Data modelling: comparing Realm and SQLite

Kenneth Geisshirt
Realm Blog

--

Introduction

In this blog post, we will compare data modelling of two popular databases used for mobile applications: SQLite and Realm.

SQLite is preinstalled on any Android and iOS device, while Realm requires a deliberate decision by the app developer to include it. We will use SQLite in its raw form i.e., without any programming language other than SQL. It means that the object-relational impedance mismatch is not considered. For SQLite, many Object-Relational Mappers exist with ROOM (Android) and Core Data (iOS) as highly popular examples. For Realm, the JavaScript SDK is selected, as it will make it possible for you to run the examples on your computer without going through setting up a mobile app.

We will model a group of people and their life as they get married, have children, are divorced and die. The source code for both SQLite and Realm is found at https://github.com/kneth/data-model-compare.

The group of people we model are called Parent objects (or rows). They can be married to another Parent object, and they can have zero, one or more children. The children are modelled as a Child object (or row).

Two data models

In SQL, both the Parent and Child can be modelled using tables which are straightforward.

CREATE TABLE Parent (
name VARCHAR PRIMARY KEY NOT NULL,
city VARCHAR NOT NULL,
marriedTo VARCHAR REFERENCES Parent(name) NULL
);

CREATE TABLE Child (
name VARCHAR PRIMARY KEY NOT NULL,
age INTEGER NOT NULL
);

The most advanced part is the self-referential column in Parent. The tricky part is the modelling of the relationship between Parent and Child. We will need to introduce an auxiliary table, Parent_Child, to capture who is the parent to which child. Such a join-table is common in SQL, and by using foreign keys we can link the two tables together.

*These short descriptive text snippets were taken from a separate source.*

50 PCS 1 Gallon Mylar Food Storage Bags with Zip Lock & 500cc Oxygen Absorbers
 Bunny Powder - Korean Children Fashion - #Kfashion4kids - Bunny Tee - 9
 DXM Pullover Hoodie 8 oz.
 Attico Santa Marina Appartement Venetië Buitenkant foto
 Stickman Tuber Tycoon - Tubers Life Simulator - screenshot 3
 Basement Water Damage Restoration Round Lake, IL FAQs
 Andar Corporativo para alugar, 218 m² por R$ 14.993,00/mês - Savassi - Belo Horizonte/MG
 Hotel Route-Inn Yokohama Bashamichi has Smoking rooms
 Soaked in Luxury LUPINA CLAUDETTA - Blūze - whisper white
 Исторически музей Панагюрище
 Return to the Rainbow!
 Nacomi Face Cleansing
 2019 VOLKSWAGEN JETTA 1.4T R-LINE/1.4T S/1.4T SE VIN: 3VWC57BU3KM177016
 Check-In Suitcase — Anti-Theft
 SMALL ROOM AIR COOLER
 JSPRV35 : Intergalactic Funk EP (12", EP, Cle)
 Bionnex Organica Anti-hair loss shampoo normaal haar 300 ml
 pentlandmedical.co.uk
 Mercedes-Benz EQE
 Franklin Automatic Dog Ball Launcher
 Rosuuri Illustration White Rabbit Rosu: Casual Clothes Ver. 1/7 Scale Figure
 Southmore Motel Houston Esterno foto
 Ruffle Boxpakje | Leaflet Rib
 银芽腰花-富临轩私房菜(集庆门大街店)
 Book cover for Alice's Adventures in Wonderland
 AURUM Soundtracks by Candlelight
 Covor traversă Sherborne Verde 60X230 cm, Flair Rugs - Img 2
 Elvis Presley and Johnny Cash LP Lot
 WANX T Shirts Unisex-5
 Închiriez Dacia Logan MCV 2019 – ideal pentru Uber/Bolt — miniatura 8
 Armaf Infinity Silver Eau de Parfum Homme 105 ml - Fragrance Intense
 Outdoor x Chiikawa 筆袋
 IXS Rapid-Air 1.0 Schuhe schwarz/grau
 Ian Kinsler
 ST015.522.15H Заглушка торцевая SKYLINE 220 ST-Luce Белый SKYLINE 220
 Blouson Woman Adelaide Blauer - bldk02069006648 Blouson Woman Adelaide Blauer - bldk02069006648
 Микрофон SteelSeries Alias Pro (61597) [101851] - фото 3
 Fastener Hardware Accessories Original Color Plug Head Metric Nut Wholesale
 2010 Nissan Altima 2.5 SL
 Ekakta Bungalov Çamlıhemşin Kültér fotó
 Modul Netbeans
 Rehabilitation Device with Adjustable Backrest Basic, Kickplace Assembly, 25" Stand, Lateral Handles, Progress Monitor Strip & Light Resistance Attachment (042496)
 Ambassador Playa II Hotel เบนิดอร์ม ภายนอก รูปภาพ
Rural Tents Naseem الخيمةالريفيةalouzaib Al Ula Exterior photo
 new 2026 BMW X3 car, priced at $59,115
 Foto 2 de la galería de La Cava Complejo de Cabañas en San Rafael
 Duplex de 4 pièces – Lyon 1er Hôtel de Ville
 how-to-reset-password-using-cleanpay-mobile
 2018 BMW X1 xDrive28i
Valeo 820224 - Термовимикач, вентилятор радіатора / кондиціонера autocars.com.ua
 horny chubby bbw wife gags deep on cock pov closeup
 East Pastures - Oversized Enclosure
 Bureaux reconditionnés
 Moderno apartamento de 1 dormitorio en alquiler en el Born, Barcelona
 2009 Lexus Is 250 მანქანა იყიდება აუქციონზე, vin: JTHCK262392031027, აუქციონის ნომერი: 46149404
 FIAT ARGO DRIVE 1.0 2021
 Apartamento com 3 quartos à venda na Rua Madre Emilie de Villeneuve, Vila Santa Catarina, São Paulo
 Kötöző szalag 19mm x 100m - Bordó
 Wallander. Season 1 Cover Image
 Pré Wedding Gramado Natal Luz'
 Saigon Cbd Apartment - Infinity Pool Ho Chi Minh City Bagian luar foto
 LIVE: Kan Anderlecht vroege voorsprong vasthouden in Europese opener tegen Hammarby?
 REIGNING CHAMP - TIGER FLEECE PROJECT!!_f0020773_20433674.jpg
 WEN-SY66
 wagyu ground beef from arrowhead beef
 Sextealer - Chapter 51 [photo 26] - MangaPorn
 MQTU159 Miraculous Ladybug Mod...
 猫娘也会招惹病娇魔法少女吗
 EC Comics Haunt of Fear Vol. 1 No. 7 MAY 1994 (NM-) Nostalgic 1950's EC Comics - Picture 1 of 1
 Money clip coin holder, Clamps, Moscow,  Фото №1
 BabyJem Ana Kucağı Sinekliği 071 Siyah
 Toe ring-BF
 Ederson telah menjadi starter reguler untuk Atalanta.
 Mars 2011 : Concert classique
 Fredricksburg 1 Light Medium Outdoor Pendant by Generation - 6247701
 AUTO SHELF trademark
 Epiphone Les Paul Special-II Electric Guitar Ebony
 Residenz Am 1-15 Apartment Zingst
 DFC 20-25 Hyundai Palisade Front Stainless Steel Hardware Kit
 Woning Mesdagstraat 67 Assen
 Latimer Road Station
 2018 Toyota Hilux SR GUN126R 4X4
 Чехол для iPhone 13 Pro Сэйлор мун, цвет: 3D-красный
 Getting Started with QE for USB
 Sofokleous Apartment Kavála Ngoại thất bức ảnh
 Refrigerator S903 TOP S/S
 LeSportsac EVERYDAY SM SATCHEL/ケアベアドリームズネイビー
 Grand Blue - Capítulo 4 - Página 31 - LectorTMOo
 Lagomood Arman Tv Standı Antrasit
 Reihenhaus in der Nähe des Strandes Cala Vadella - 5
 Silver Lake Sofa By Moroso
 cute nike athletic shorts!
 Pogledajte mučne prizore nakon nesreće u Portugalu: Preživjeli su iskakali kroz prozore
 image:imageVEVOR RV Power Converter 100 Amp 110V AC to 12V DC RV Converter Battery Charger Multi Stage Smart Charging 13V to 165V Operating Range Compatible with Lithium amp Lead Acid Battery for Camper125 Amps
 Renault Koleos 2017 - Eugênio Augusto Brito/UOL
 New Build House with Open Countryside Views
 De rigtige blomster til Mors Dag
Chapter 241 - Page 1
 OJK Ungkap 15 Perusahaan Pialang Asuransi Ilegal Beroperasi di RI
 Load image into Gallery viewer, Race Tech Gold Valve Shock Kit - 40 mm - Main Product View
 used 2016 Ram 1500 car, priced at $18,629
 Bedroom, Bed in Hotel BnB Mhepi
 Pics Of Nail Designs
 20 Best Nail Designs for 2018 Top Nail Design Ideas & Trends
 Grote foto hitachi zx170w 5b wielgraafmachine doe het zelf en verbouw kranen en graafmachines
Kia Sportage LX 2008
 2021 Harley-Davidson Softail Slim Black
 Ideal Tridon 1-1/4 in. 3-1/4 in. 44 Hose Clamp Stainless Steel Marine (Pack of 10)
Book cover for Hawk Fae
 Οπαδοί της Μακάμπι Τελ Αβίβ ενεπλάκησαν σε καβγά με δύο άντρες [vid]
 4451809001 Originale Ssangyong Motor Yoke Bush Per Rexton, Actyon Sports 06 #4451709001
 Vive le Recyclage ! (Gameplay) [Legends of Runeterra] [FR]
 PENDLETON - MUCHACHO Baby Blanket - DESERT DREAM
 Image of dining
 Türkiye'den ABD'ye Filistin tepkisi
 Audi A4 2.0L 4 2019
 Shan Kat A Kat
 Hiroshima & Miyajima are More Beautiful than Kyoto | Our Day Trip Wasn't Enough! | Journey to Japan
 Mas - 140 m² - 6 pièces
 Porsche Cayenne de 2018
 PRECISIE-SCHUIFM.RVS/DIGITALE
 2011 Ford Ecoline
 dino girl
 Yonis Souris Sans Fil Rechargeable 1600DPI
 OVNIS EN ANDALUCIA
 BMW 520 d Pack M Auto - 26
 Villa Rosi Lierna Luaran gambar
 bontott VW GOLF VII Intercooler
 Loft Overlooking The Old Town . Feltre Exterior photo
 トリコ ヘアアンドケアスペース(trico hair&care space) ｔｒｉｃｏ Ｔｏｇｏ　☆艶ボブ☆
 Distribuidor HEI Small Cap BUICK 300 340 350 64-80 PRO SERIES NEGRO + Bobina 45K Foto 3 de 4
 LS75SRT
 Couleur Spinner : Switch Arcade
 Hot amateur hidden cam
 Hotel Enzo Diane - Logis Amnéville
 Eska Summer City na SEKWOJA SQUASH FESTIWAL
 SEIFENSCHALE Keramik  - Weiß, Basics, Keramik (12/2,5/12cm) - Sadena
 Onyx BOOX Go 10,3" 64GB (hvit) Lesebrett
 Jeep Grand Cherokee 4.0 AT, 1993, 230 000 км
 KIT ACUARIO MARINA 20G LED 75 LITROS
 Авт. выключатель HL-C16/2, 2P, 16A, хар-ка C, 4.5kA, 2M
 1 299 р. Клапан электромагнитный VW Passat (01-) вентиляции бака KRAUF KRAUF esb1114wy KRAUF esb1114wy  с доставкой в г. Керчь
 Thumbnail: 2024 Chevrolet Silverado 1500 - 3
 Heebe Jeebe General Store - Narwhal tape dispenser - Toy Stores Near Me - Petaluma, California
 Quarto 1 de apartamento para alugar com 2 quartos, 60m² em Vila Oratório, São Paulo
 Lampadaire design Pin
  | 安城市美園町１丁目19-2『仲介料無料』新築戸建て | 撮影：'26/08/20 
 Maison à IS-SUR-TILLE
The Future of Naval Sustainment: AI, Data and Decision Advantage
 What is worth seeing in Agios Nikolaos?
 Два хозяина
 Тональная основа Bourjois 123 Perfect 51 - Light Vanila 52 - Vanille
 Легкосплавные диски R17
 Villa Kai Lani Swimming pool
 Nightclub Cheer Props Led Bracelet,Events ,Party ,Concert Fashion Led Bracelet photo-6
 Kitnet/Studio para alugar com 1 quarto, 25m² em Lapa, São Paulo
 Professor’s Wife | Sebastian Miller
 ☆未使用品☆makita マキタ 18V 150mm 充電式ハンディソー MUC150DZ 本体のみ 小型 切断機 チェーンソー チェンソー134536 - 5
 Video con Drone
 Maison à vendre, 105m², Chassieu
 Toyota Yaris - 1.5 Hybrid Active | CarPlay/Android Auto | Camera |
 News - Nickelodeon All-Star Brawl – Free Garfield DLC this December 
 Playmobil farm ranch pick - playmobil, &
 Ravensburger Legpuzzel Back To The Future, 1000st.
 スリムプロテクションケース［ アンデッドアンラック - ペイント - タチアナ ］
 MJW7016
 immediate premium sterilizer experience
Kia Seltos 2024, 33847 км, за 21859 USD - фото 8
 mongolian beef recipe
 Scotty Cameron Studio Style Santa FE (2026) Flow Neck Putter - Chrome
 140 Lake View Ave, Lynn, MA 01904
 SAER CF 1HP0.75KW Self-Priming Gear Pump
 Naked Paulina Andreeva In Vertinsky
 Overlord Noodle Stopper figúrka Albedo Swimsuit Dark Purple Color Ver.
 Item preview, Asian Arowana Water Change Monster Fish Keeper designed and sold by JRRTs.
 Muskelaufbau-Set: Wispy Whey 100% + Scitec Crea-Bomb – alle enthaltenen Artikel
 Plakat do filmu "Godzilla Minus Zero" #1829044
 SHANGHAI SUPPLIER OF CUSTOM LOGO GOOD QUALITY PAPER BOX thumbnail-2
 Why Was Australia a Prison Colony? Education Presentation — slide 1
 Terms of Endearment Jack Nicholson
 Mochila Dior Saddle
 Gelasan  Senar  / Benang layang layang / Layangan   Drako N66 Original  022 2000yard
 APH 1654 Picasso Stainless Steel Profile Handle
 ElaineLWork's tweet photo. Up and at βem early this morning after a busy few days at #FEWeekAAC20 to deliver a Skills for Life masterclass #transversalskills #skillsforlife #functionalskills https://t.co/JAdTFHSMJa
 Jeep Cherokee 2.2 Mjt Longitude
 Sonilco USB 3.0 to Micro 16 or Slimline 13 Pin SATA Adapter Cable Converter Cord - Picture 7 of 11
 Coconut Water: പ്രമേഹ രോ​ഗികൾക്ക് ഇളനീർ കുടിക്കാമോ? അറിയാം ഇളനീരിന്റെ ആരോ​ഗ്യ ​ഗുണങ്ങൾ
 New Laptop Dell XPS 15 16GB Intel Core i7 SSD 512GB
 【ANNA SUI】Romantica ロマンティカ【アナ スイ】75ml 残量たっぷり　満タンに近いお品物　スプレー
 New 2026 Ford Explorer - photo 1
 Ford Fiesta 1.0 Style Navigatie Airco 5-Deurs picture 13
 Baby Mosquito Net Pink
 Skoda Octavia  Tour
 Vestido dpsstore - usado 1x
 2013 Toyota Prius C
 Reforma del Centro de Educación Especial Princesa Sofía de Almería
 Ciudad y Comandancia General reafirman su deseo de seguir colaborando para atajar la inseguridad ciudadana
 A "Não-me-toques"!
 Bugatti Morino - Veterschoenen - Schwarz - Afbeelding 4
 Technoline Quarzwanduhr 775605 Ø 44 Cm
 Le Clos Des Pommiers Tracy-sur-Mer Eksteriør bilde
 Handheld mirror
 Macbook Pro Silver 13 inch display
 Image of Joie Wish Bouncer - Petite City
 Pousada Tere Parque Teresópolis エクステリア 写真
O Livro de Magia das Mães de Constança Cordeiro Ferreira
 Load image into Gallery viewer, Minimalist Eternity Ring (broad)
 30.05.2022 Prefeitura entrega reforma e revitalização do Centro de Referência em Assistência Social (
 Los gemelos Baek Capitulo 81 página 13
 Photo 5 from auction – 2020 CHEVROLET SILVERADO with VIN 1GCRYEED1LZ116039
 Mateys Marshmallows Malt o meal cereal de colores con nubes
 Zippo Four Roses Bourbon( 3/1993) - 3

CREATE TABLE Parent_Child (
parent_name VARCHAR NOT NULL,
child_name VARCHAR NOT NULL,
CONSTRAINT fk_parent
FOREIGN KEY (parent_name)
REFERENCES Parent(name)
ON DELETE CASCADE,
CONSTRAINT fk_child
FOREIGN KEY (child_name)
REFERENCES Child(name)
ON DELETE CASCADE,
UNIQUE (parent_name, child_name)
);

On the other hand, Realm is an object database and objects can be tied together by links or references. Moreover, it is possible to have a list of links which we can use to model a Parent having multiple Child objects.

const Parent = {
name: "Parent",
primaryKey: "name",
properties: {
name: "string",
city: "string",
children: "Child[]",
marriedTo: "Parent",
}
};

const Child = {
name: "Child",
properties: {
name: "string",
age: "int",
parents: {
type: "linkingObjects",
objectType: "Parent",
property: "children"
},
}
};

Links in Realm are directional, and you can think of your Realm database as a set of directed graphs where the nodes are objects. In order to be able to query a link in the opposite direction, Realm introduces the notion of linkingObjects. As you can see, an auxiliary table is not required as Realm’s native storage is based on objects. It is important to note that linkingObjects properties are updated automatically by the Realm database.

A short-coming of both data models is that it is technically possible for a child to have more than two parents. To ensure that a child only has one or two parents will be left to the application’s logic.

Getting married

A database is only interesting if it contains some data. Initially, we will add four persons and they form two married couples. First, we have to create the rows or objects and thereafter update who is married to whom. Neither data model can handle the constraint that marriage is a symmetric property, and we leave it to the application developer to ensure that data is consistent.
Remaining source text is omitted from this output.